The care models also demonstrated medication management, extensive outreach into the community and home, social services integration, prompt patient follow-up after hospitalizations, and standardized discharge policies.

An example of a high-need patient care model using delivery features is the Geisinger Health System’s Patient-Centered Medical Home. The model embeds care managed with primary care providers to pinpoint high-risk patients. The care managers then work with providers at other care sites and act as the communication hub.

Finally, researchers found that successful care models included a component of organizational culture change. Healthcare organizations implementing the models engaged in workforce and data resource modifications.

In terms of aligning a workforce with the care models, organizations developed care teams that catered to the local context and caseload. The programs also tended to structure the size of the program to improve communication and adapt the program as local resources changed or evolved.

For example, a clinic may start by using a registered nurse as a care coordinator. As the program matures, the clinic could add a social or community health worker as local resources become available.

Since the programs are highly specialized, organizations should offer customized training for care team members.
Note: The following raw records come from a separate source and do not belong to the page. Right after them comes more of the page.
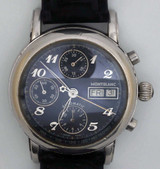 MONTBLANC MEISTERSTUCK Steel Chronograph. Ref: 7016. Cal: 4810-501. For Service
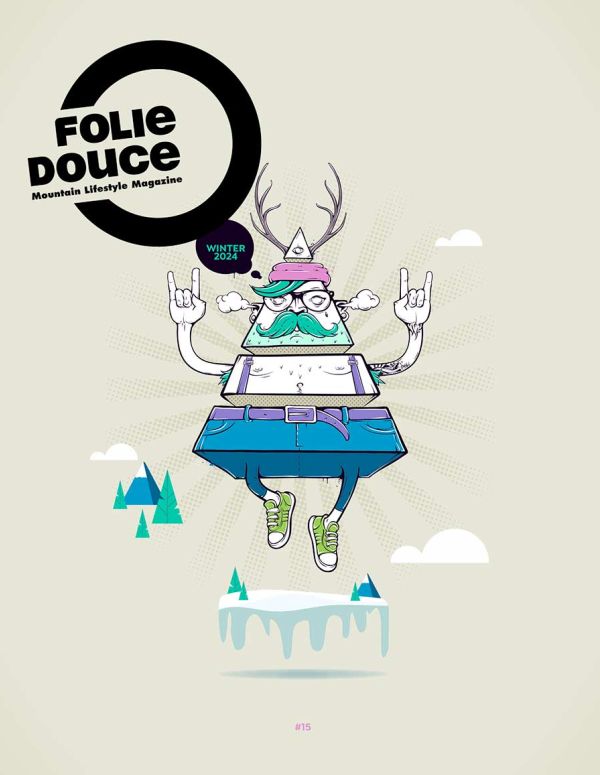 Folie Douce magazine 15 - hiver 2024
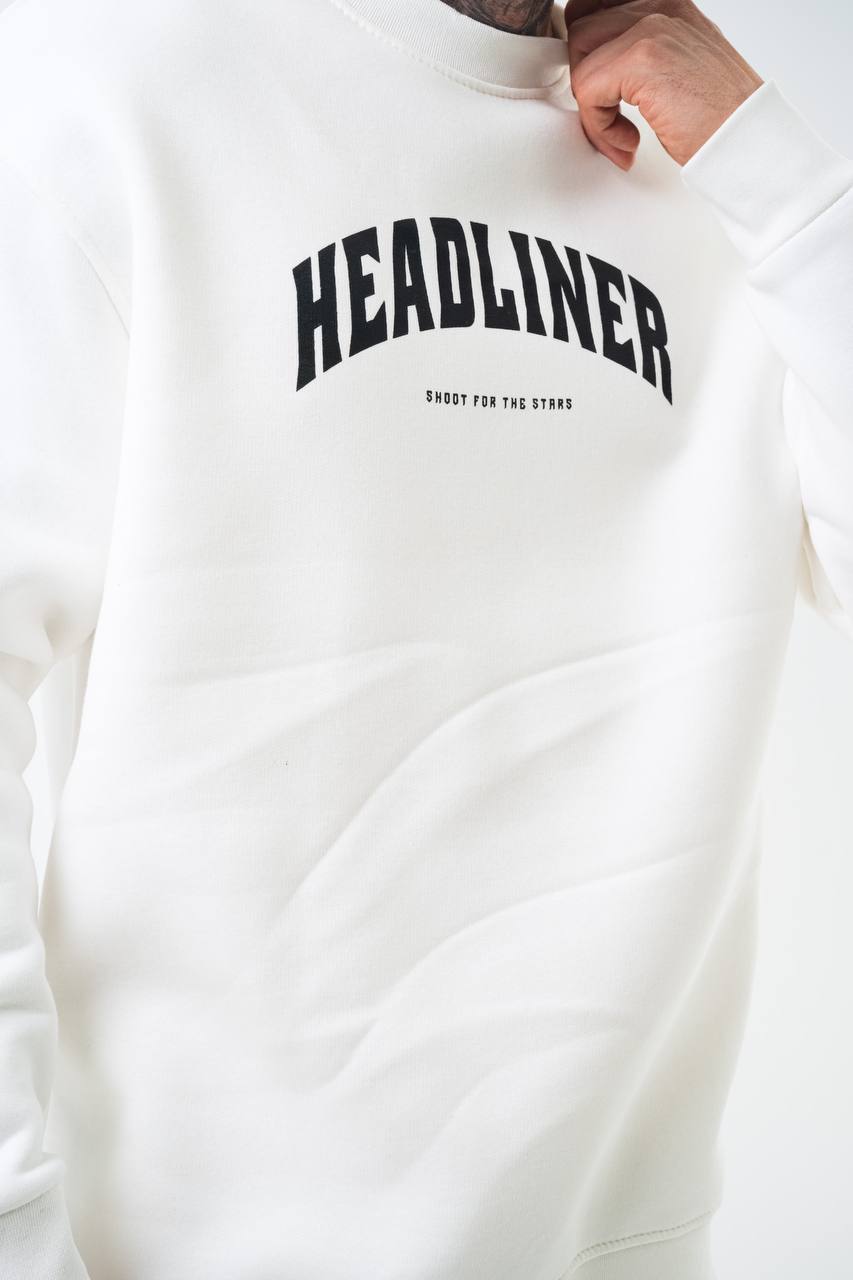 Pop Smoke "Headliner" Graphic Unisex Oversized Sweatshirt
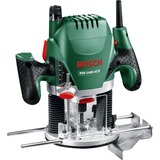 Bosch Heimwerken & Garten Oberfräse POF 1400 ACE grün/schwarz, 1.400 Watt, Koffer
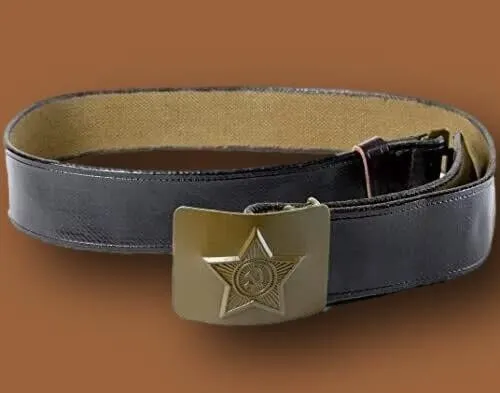 RUSSIAN ARMY BELT M69/M81 COMBAT UNIFORM SOVIET USSR MILITARY GENUINE NOS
Healthcare organizations also leveraged their data resources, access, and applications to inspire organizational culture change.

“Data sources themselves range from qualitative in-person assessments to such sophisticated health information technologies as interoperative electronic health records and patient-generated outcomes data from wearables and trackers—all of which care programs could use to assess outcomes or attribute value,” the study stated. “Health systems can also use metrics gathered by the care team to evaluate and improve care models and their performance.”